The federal government is “in the second inning” of providing relief related to coronavirus disease 2019 (COVID-19), Treasury Sec. Steven Mnuchin said at a Saturday press conference.
More than 3,000 cases now have been confirmed in the United States, and the death toll is at least 61, with 25 of the deaths associated with the Life Care Center nursing home in Kirkland, WA, according to NBC News.
Mnuchin’s baseball analogy came the day after President Trump declared a national emergency related to the virus, which he said would free up $50 billion in federal resources. The remark also came the day after the House of Representatives passed H.R. 6201, the Families First Coronavirus Response Act. Mnuchin had helped negotiate the provisions of the House bill.
The legislation includes provisions for paid sick leave, paid family and medical leave, enhanced unemployment insurance, food security initiatives and free and widespread testing, according to House Speaker Nancy Pelosi (D-CA). It had bipartisan support in the House, passing 363-40, with all those voting against it being Republicans.

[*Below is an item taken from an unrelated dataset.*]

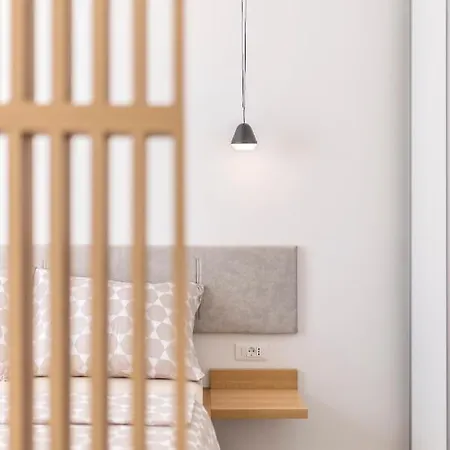 Porto Sereno דירה שיבניק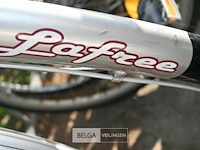 Partij fietsen - afbeelding 4 van  6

At Saturday’s press conference, the president predicted that the Senate would pass the bill this week and that he would sign it. The legislation follows passage of a multibillion dollar emergency funding bill earlier this month, which Mnuchin said was the “first inning” of relief related to the virus. The federal government next will consider relief for industries financially affected by the virus, he said.
As the House considered the legislation on Friday, LeadingAge urged members of Congress to include:
- Priority COVID-19 testing for aging services staff and residents, including mobile testing for those unable to leave a community;
- Free and timely access for anyone requiring testing; priority access to personal protective equipment for home health workers, hospice workers, adult day and Program of All-inclusive Care for the Elderly (PACE) employees, as well as service coordinators in Housing and Urban Development housing, nursing homes, assisted living communities and hospitals;
- An increase in the Federal Medical Assistance Percentage for Medicaid to help with providing care for beneficiaries;
- Support for at-risk older adults living in HUD-assisted senior housing, with supplemental financial assistance for housing providers to ensure resident safety and funding for emergency rental assistance for residents; and
- Funding to support a service coordinator in every HUD Section 202 Supportive Housing for the Elderly community to help residents navigate emergency response and preparedness and to access critical care and community resources.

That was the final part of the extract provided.